I lowered the shutter on my berth and leaned back in my chair. The 'cabin' was fairly cramped even for me, and I'm only 165lbs. Terry would have one hell of a time trying to be comfortable in one of these. It was heart wrenching to leave him behind for so long. It would only be a few weeks for me, but close to two years round trip for him. I couldn't imagine being without him for two years. Terry told me he would just keep busy with his work and it wouldn't be that hard on him. When we met it seemed like he had been alone his whole life.

I remember that day four years ago like it was yesterday.

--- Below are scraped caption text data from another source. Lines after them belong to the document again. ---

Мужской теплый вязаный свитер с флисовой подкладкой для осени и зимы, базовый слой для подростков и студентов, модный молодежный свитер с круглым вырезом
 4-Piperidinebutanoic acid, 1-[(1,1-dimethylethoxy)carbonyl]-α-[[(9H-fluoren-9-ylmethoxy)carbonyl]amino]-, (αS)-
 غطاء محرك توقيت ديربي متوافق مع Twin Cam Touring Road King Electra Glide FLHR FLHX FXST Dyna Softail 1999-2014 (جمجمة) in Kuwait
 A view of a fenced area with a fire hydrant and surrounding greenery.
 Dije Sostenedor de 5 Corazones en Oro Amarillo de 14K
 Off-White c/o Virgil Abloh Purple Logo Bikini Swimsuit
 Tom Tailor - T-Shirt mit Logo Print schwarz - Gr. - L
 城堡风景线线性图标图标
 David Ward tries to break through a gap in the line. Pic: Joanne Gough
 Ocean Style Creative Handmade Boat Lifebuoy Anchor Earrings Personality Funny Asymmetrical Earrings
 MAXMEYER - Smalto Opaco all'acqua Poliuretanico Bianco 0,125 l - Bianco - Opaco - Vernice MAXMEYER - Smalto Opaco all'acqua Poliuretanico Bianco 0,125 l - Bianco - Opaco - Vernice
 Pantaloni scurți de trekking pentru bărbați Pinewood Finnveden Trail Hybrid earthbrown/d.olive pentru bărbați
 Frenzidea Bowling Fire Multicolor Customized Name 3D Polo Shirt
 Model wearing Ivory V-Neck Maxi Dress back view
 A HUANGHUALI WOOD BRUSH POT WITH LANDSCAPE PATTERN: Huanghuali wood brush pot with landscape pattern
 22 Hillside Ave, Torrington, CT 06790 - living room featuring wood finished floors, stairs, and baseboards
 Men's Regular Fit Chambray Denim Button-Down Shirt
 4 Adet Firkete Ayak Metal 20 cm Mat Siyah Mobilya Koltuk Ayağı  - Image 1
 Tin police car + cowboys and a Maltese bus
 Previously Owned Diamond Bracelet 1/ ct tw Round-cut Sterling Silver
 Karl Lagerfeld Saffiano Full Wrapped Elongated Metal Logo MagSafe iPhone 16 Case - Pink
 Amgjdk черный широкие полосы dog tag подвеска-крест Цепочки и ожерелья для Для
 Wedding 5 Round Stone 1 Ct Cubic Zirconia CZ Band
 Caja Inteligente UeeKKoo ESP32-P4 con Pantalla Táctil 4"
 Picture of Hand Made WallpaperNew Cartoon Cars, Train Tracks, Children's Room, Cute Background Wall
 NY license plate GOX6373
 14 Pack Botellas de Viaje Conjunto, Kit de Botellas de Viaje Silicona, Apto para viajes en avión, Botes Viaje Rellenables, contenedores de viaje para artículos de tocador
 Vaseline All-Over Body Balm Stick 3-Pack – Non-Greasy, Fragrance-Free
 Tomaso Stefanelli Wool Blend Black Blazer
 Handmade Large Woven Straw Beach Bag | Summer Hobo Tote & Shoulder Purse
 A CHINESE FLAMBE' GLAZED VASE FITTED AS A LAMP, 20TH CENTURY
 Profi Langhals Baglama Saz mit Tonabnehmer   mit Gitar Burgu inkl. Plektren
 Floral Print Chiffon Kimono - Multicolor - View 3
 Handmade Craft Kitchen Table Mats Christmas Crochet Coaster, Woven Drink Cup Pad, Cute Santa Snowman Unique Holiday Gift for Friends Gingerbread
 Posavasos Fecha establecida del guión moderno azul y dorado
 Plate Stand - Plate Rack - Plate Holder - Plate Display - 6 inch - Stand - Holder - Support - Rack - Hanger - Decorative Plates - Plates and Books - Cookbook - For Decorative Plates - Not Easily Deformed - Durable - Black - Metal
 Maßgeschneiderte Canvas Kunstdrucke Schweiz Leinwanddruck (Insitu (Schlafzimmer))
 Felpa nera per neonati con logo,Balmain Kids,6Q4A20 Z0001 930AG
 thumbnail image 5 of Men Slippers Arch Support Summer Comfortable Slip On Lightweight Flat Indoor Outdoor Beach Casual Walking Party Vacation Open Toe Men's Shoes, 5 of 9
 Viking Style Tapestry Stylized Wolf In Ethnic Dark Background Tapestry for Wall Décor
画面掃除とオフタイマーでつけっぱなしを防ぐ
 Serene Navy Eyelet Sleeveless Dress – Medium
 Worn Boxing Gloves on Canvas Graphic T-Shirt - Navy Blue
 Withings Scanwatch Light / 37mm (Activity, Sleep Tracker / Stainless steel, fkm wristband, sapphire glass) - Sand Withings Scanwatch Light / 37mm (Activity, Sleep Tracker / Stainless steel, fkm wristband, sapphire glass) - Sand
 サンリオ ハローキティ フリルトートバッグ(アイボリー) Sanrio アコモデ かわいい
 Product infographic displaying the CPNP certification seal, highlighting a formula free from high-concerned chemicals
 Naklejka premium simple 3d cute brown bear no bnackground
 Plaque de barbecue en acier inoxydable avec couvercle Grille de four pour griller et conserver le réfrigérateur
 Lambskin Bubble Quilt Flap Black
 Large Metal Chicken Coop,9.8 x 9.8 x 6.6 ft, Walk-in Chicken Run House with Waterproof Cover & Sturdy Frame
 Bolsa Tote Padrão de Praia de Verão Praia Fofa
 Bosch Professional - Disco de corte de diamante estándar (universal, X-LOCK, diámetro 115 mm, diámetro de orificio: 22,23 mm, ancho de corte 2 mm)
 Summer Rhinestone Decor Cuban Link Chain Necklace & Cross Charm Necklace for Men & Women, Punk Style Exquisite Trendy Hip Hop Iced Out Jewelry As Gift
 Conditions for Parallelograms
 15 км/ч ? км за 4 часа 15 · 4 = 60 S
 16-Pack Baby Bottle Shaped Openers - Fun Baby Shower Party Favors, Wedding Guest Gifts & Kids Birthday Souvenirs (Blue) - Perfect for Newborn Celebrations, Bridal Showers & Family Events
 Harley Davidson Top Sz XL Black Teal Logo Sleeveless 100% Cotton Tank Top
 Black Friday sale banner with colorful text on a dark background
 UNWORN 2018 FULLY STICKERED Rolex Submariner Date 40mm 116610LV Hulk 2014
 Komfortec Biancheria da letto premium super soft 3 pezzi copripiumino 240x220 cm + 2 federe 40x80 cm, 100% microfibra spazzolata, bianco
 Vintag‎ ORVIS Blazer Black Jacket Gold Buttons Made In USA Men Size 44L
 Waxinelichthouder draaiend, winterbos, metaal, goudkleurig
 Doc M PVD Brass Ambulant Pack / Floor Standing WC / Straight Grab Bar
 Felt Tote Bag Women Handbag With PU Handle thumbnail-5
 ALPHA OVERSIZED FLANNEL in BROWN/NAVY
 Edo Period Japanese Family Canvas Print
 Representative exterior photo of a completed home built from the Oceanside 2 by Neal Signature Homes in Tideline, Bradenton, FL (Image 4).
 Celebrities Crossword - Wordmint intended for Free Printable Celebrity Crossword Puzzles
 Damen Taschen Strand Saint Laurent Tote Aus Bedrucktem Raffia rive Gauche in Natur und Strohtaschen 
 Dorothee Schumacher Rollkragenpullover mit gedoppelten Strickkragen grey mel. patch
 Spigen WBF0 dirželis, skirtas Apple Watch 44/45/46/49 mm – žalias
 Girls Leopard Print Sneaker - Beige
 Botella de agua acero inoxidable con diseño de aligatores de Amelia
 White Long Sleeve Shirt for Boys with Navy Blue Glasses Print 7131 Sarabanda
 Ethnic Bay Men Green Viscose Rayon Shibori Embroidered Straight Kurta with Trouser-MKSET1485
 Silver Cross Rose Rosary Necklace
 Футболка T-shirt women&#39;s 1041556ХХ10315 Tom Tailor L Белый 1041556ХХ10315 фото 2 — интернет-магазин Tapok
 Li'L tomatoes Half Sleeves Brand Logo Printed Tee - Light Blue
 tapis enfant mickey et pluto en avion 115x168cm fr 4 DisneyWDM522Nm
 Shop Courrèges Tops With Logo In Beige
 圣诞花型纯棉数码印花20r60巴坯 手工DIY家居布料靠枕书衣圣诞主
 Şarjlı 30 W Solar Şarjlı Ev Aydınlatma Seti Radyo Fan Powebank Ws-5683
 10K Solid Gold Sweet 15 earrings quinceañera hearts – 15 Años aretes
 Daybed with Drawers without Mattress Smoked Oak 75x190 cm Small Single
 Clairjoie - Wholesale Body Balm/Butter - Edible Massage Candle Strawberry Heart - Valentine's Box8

I was in one of the larger breakrooms on the 67th floor, just about to sit down with some colleagues for lunch when I noticed him in the corner by the elevator. I'd seen him many times before, but I had never got up the nerve to introduce myself. I was hoping to find a time when I could get him alone, but there was no such thing as alone in a public place anymore. He had his computer unrolled on the table and was busy writing when I came up to him.

"Mind if I have a seat?" I asked, not sure what to expect.

"Your boyfriends over there put you up to this? What comes next? 'I want you so bad'?" he barked, picking up his computer and retracting the display and keyboard. He let them snap in like a window shade, almost breaking. "Or are you just going to cut to the chase and tell me I shouldn't eat enough for two people when we got ten billion around?" he continued, sticking the computer in his shirt pocket and heading for the elevator.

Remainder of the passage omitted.